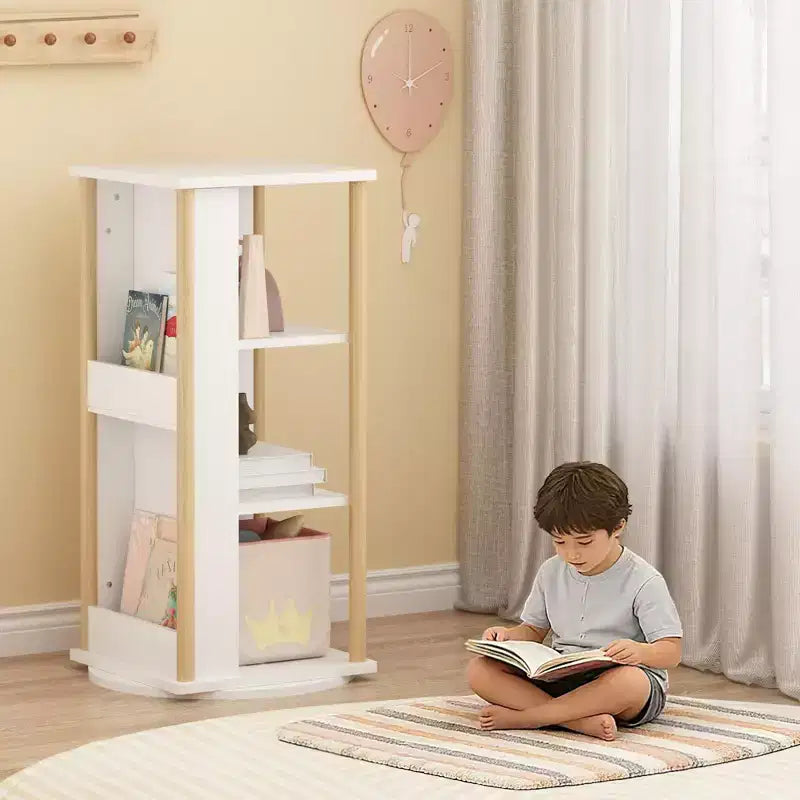 Bibliothèque rotative à 360° pour enfants avec tableau, étagère à livres rotative en bois à 3 niveaux et organiseur de jouets pour chambre de bébé et salle de jeux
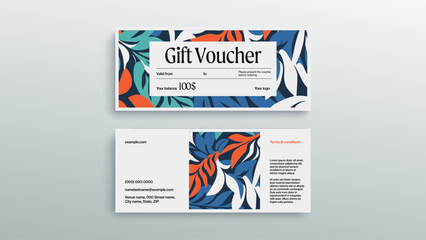 Abstract gift voucher card template. Modern discount coupon or certificate layout with geometric shape pattern. Vector fashion bright background design with information sample text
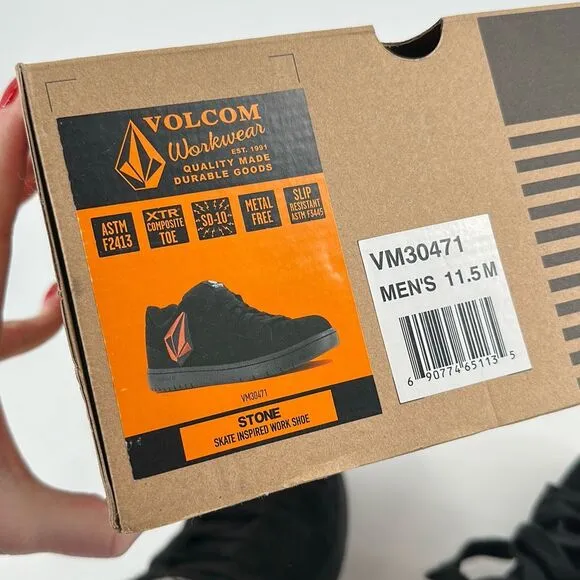 Volcom Stone Mens Skate Inspired Composite Toe Work Shoes Black Red Size 11.5M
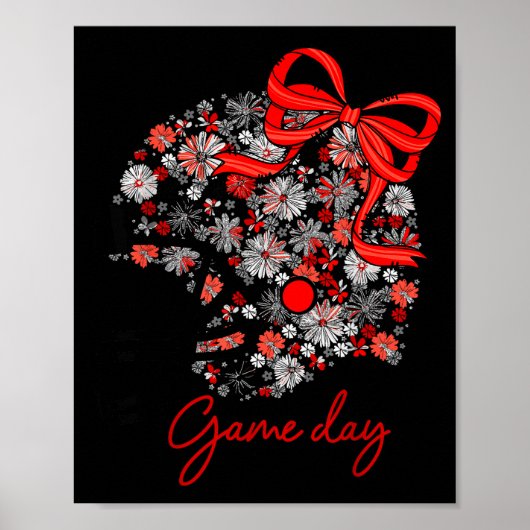 Floral Football Game Day Girly Team Srit Black Red Poster (Voorkant)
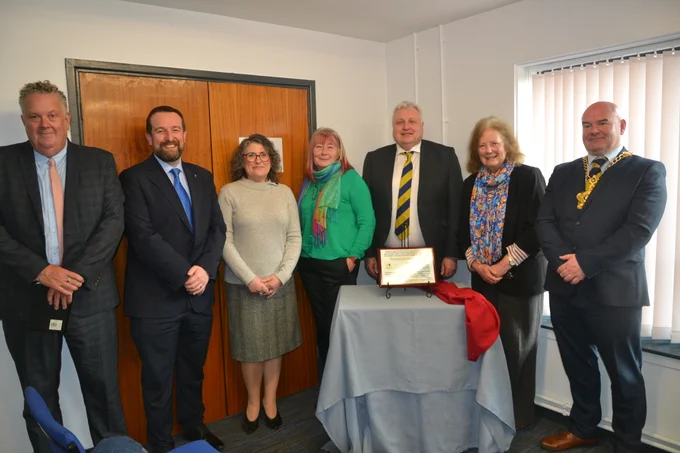 Julie Morgan and representatives of Merthyr Council.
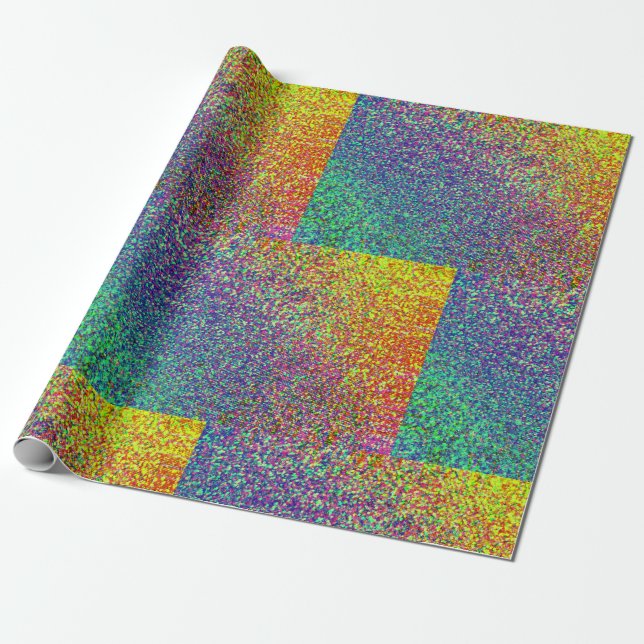 Papier Cadeau Papier d'enveloppement pour effet Confetti arc-en- (Déroulé)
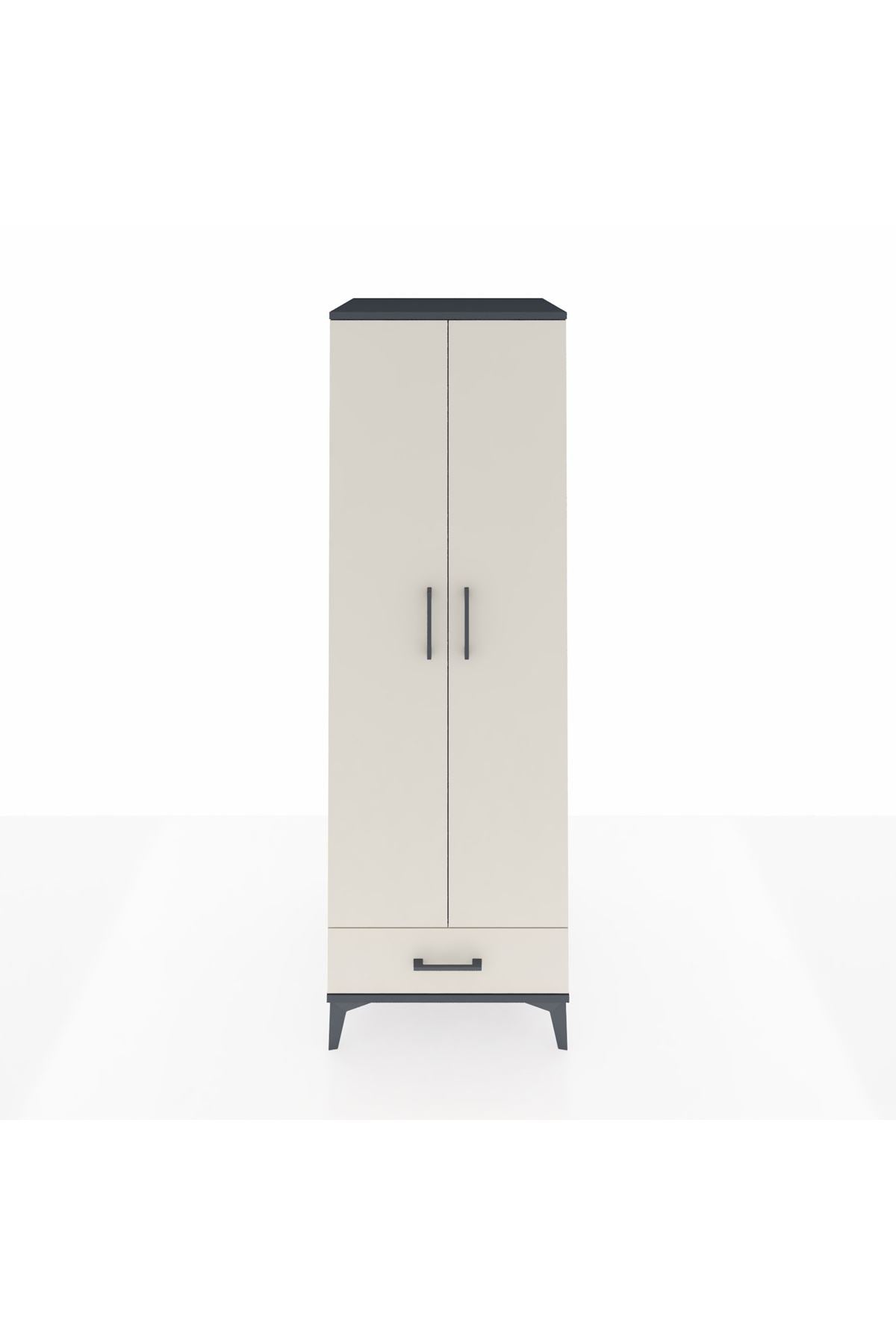 Kronos Dolap 4 Raflı Tek Çekmeceli 2 Kapaklı 60x59x182 - S89M008V4C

_AIM OF THE EXERCISE_
Your copy should hold exactly the lines from the line containing "Floral Football Game" through the last line of the listing above, both included, and no pictures.

_ANSWER TO THE EXERCISE_
 Floral Football Game Day Girly Team Srit Black Red Poster (Voorkant)
 Julie Morgan and representatives of Merthyr Council.
 Papier Cadeau Papier d'enveloppement pour effet Confetti arc-en- (Déroulé)
 Kronos Dolap 4 Raflı Tek Çekmeceli 2 Kapaklı 60x59x182 - S89M008V4C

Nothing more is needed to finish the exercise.